Unhappy New Year

Dyer Witheford writes about the organic nature of capitalism; how it is capable of self-regulation and perpetual shape changing; always looking for different markets and new opportunities for commoditisation; objects or people, it doesn’t care. Capacity for resistance is limited. Progress may look promising but rarely lasts. To exist outside capitalism’s access criteria is to be marginalised and disempowered.  The current attack on systems of welfare, in particular the Disabled Living Allowance, is one such example. There are glimmers of hope Disability benefit cuts ‘could breach law’   but they do little to disguise the reality where the hard fought, hard won, gains of the disability movement are being dismantled. It’s a ‘one step forward three steps’ back scenario and wrong on so many levels, not least where medical science continues to value quantitative life over qualitative, but social welfare fails to keep up. In the 1980s recognition that society disables, through failure to recognise and cater for the diversity of human existence, did so much to challenge old medical models of deficiency. Shifting the emphasis from the individual to social structures was a beginning but never enough; there is still more to do in terms of achieving equity of access to opportunities for participation. Thirty years on, that which was given is now at risk of being taken away or provided in a format that is no longer realistic. The focus on work as the best form of welfare ignores the failure of the workplace to cater for diversity and obscures deeper aversive reactions to human diversity and difference.

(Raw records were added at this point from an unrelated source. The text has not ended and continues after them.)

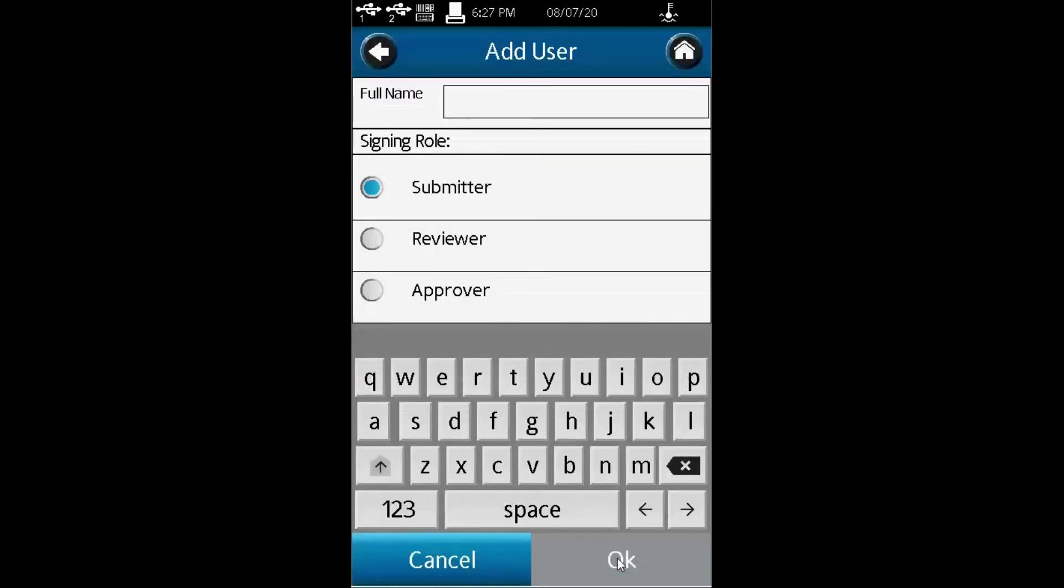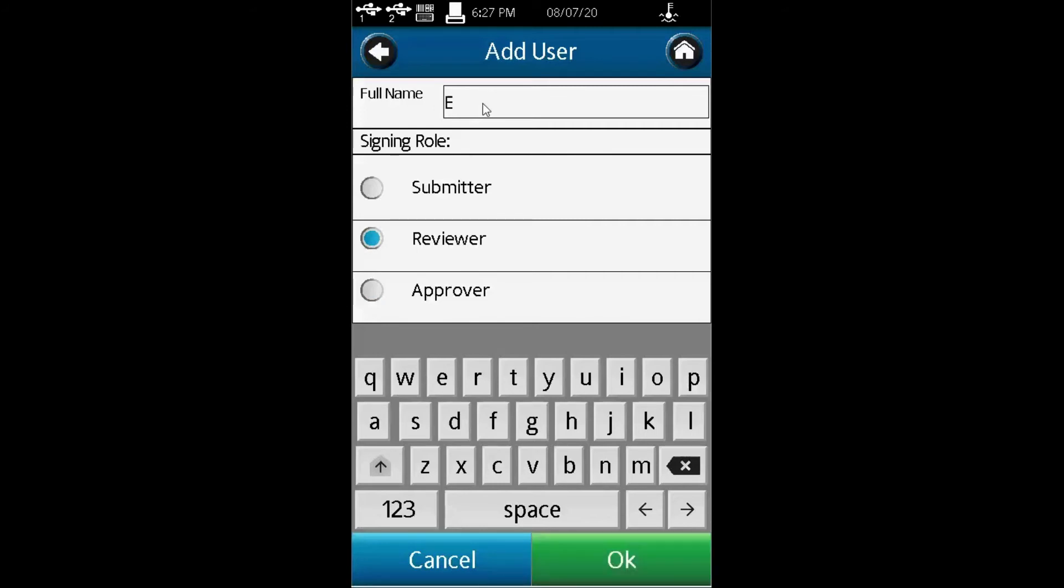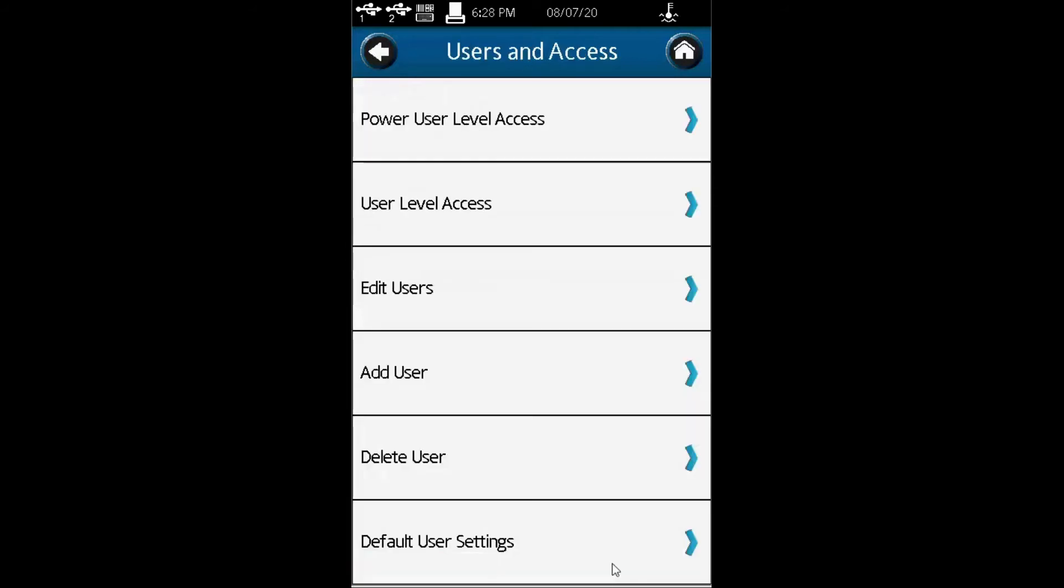In terms of assigning roles, I can make them a submitter, reviewer, or approver. Let's say he's a reviewer. When I sign, it's called Eric C. That is my signature, and I say okay. I'm good.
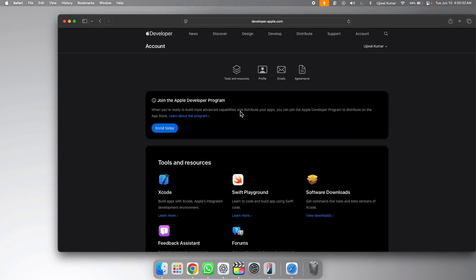But in my case, I have done this before, so don't worry, this is completely free. You don't need to pay for Apple developer account. So go ahead and agree to Apple developer agreement.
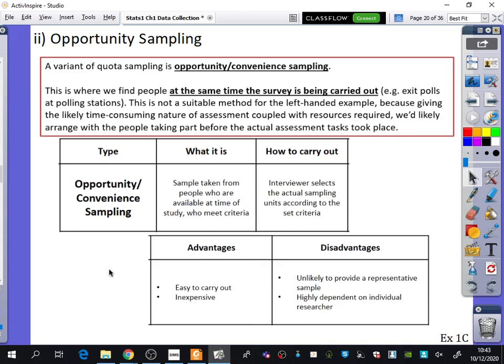The main difference between random and non-random sampling is that with random sampling you need a sampling frame — a list of everyone. With non-random sampling you don't need a list, whether it's fish in a lake or left-handed versus right-handed people — you just find them and fill up the quotas. We're going to try questions from Exercise 1C as homework, and next lesson we'll be covering some other topics as well.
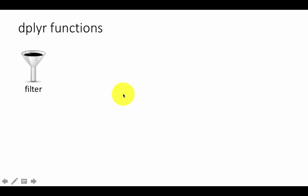The dplyr package has several useful functions and we'll be looking at some of the important functions in this portion of our course. The first function is called filter and as you can expect, filter allows us to filter information from an existing data frame.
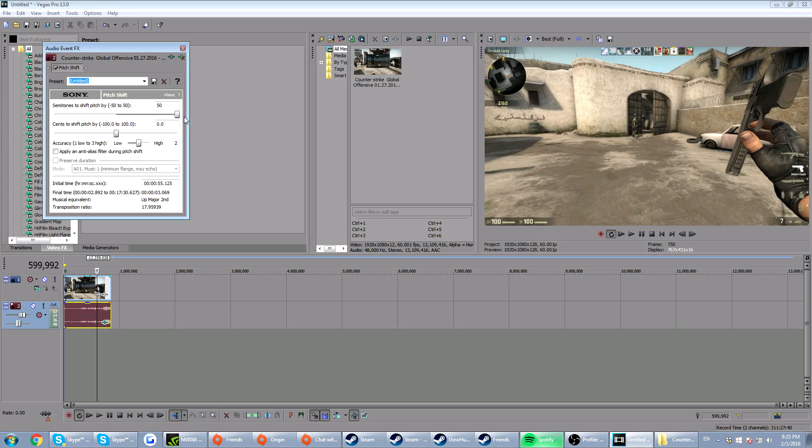If you want a very squeaky voice, like my voice, you can drag it up. Yeah, this is basically, you just have to play around with this thing.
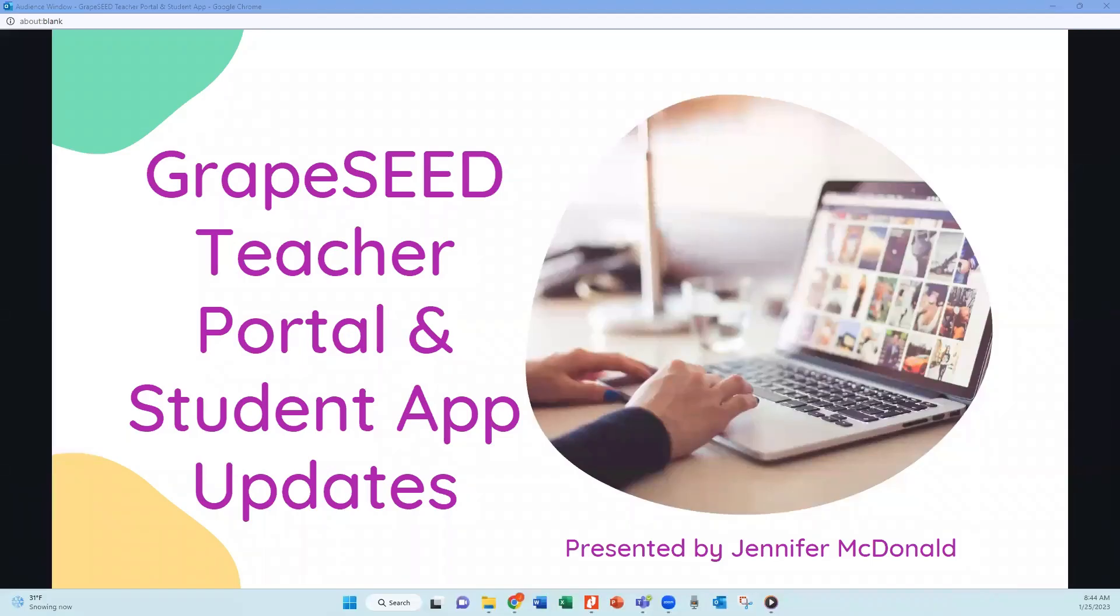Hi, I'm Jennifer McDonald, and I'm here to share some updates to our teacher portal and the student app.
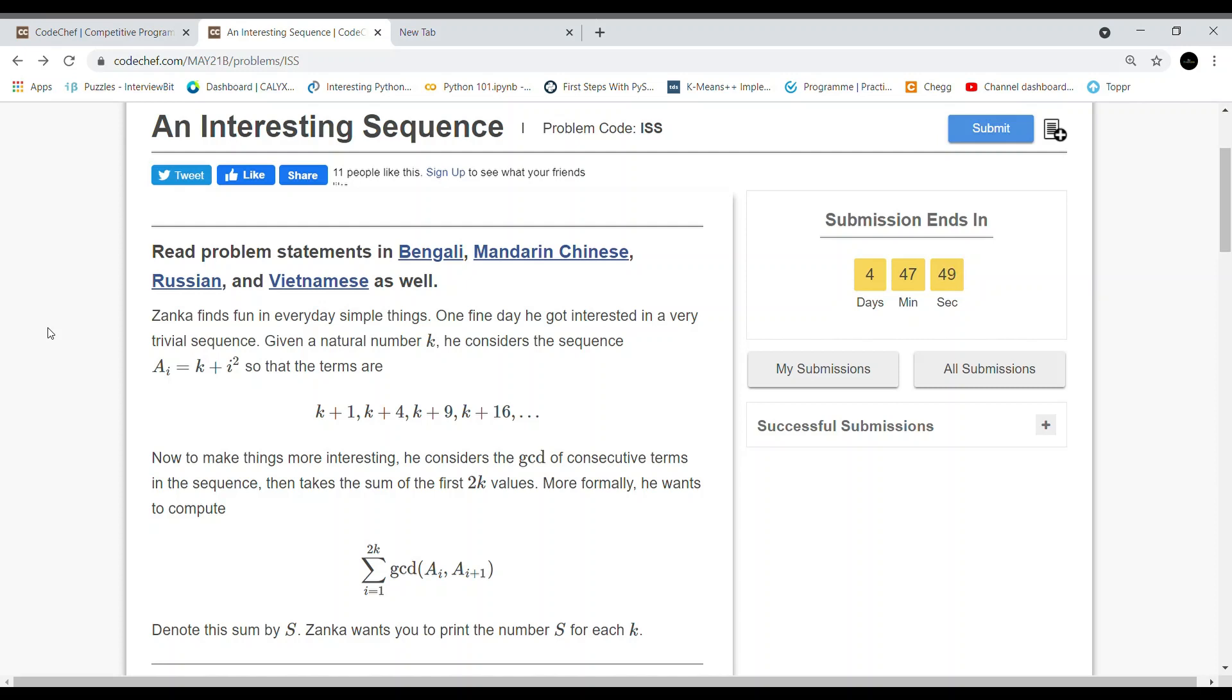Now to make things more interesting, he considers the GCD (greatest common divisor) of consecutive terms in the sequence. For example, the greatest common divisor of 4 and 8 is 4, since 4 divides both 4 and 8.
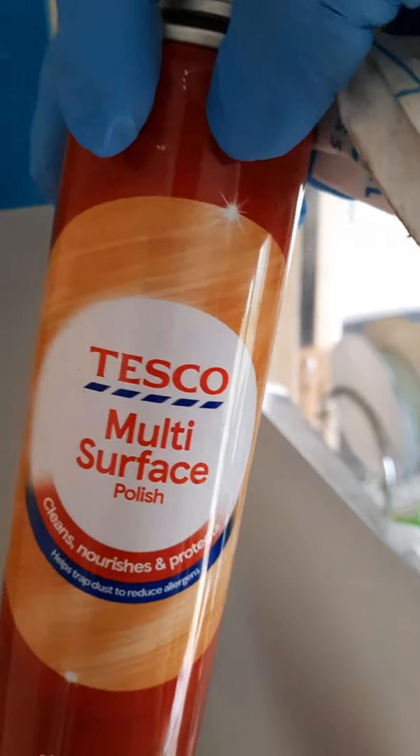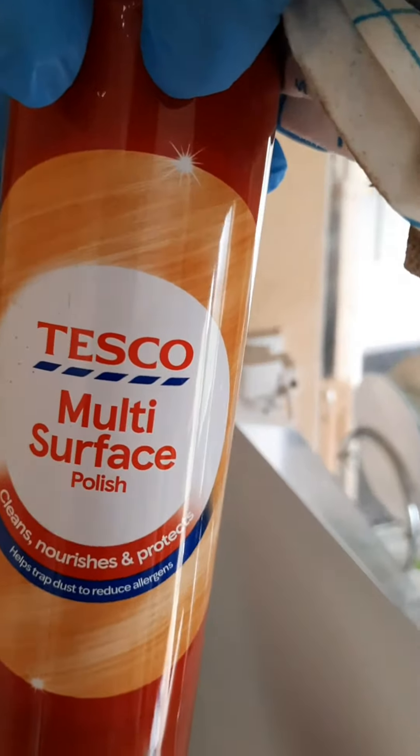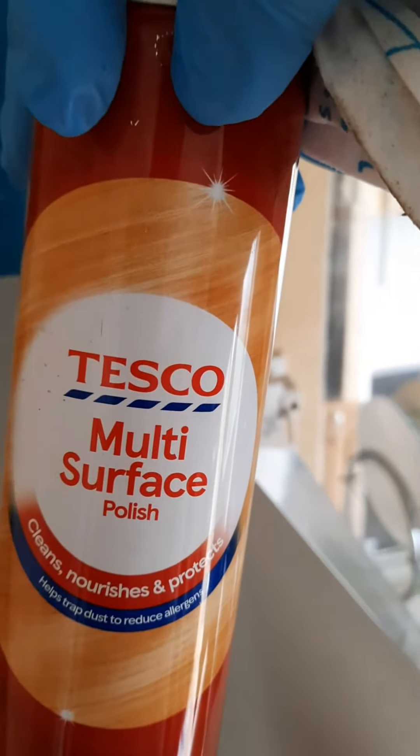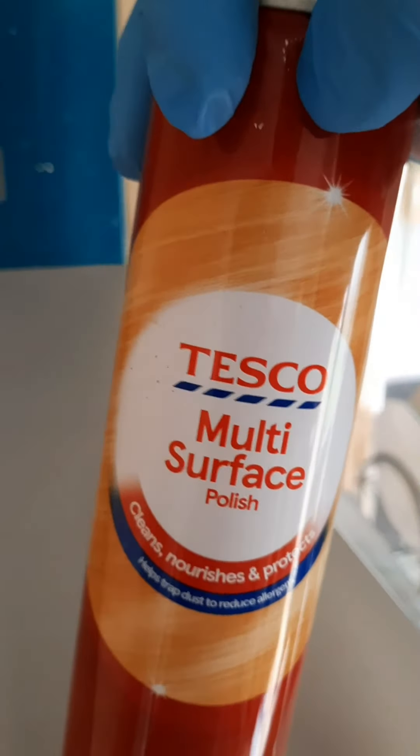Just use this multi-surface polish. Thank you for watching. Look at the dirty hood. Now it's shiny.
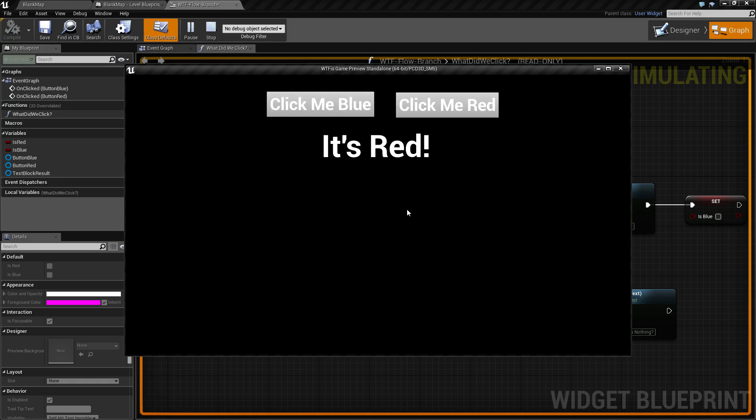The branch is basically a way of determining what to do if something is true or false and then executing the appropriate actions.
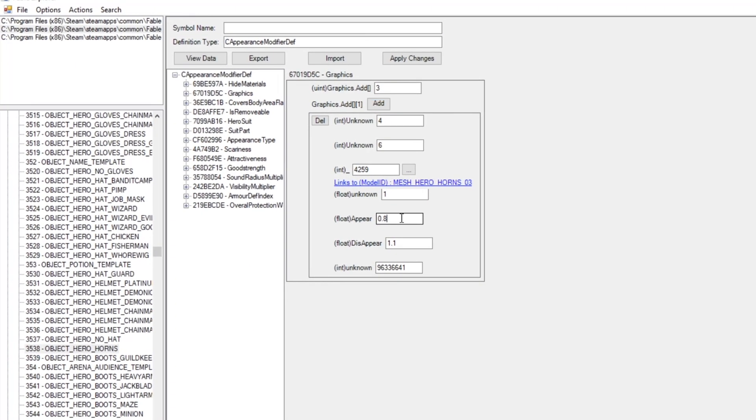And then, as you can see where it says Appear and Disappear, you're going to want to change this to 0 for Appear, and then 1.1 for Disappear. This will make it so that no matter what alignment you have, you will always have horns on your head.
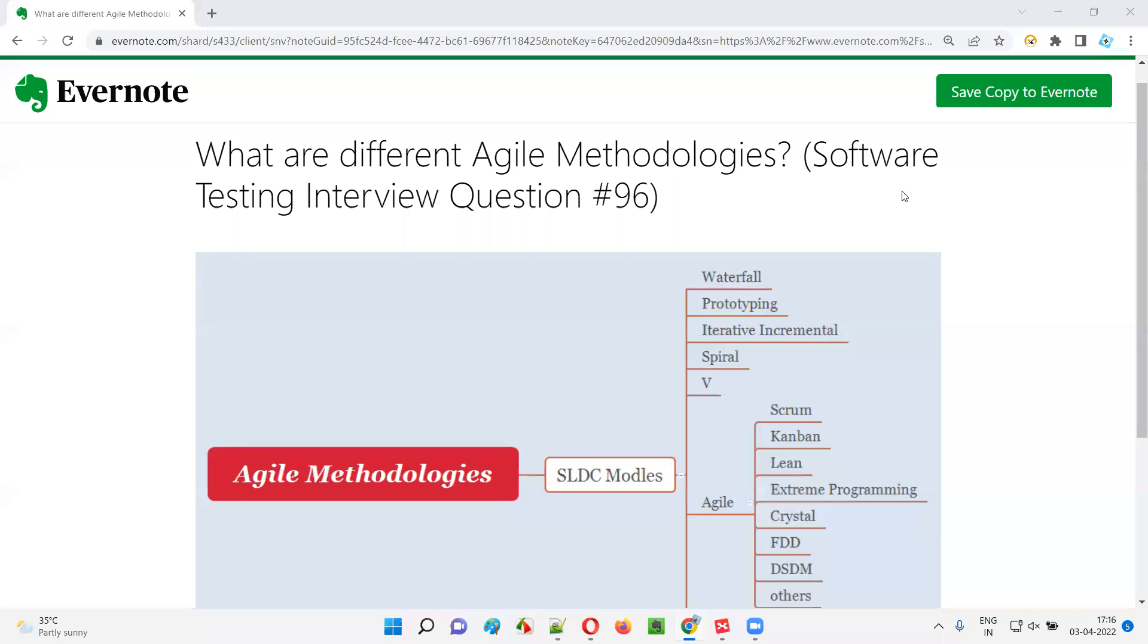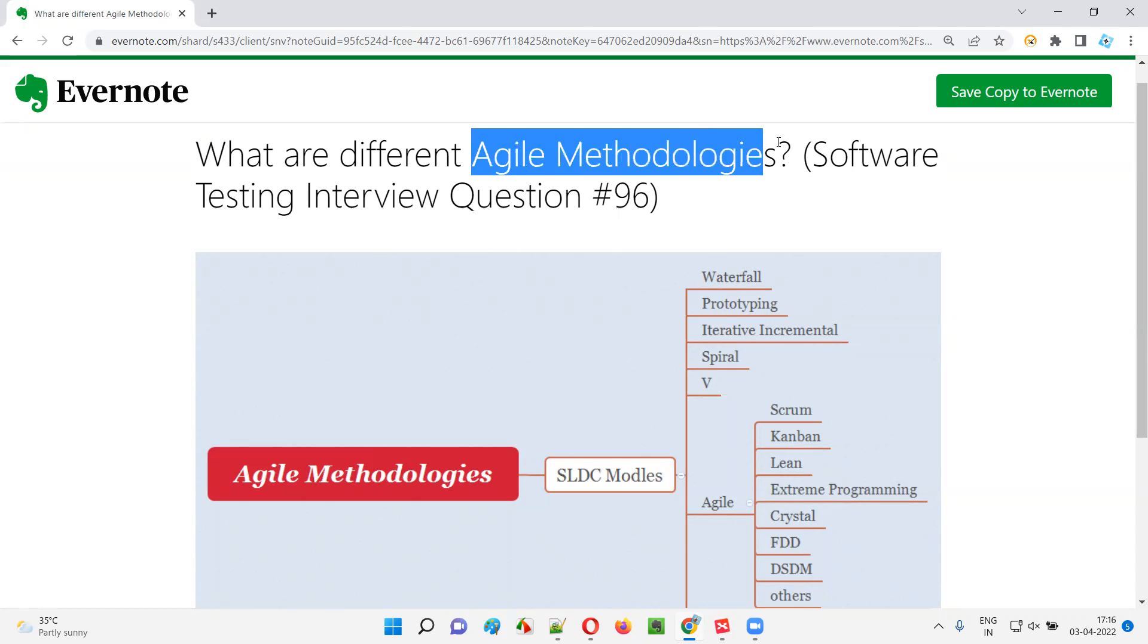Hello all, welcome to this session. In this session, I am going to answer software testing interview question 96. That is, what are different agile methodologies?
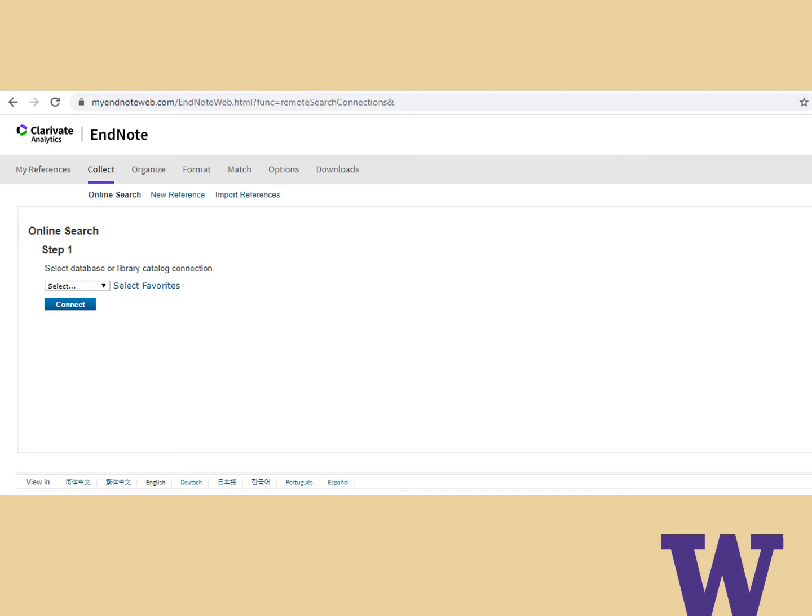When signed into EndNote Online, click the Collect tab and the Online Search option. In the drop-down menu, select PubMed. If you use it often, add it to your favorites.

The government’s public consultation on Disability Living Allowance reform ends on 14 February. The public consultation page is here https://interactive.dwp.gov.uk/disability-living-allowance-reform-public-consultation

Unfortunately it doesn’t follow the ‘write-to-reply’ style public consultation whereby comments are publically available – another backwards step in the creation of the Big Society excuse for dismantling essential provision of welfare services.